Markov by no means abandoned prose during the latter half of the decade, but his inborn cynicism began to assert itself more strongly as his work became more autobiographical. It is no accident that one of his most fascinating semi-autobiographical works, 'Portretut na moia dvoinik', should have aroused complaints that Markov was under the undue influence of popular figures in contemporary Western literature. In examining contemporary Bulgarian life, Markov found much of the same emptiness that a Sillitoe or a Salinger discovered in Western society, and reflected in his writing something of its loneliness and despair. That of course did not sit well with official critics, who could never openly admit to the 'bourgeois' nature of Bulgarian socialist society.

Thus in the social and literary objectives of his writing Georgi Markov was also a very characteristic - perhaps the most characteris- tic - figure of the thaw period in Bulgarian literature. He dealt with contemporary life and important political and social issues. As a writer with avant-garde tendencies he was sometimes overly schematic, but he still never lost sight of the individual as the fundamental element of society. Moral responsibility lay with the individual, in his view, and not with the larger social order.
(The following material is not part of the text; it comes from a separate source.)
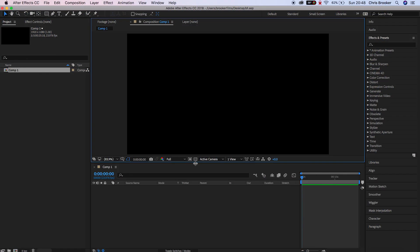Hey, what's up? It's Chris from Brooker Films and in today's video I'm going to show you how to generate write-on text straight inside of Adobe After Effects.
Evidently Markov had many overt and covert sympathizers during this time. But by I969 he had realized that he could alter nothing very substantial in the Bulgarian political system by the power of his pen. He could see no way out but departure, even though this meant that he would have to sacrifice his career as a writer, something extraordinarily precious to him. But there were other things which he valued even more highly - among them justice, and freedom, of which he had written during his literary years in the Bulgaria of the I 96os.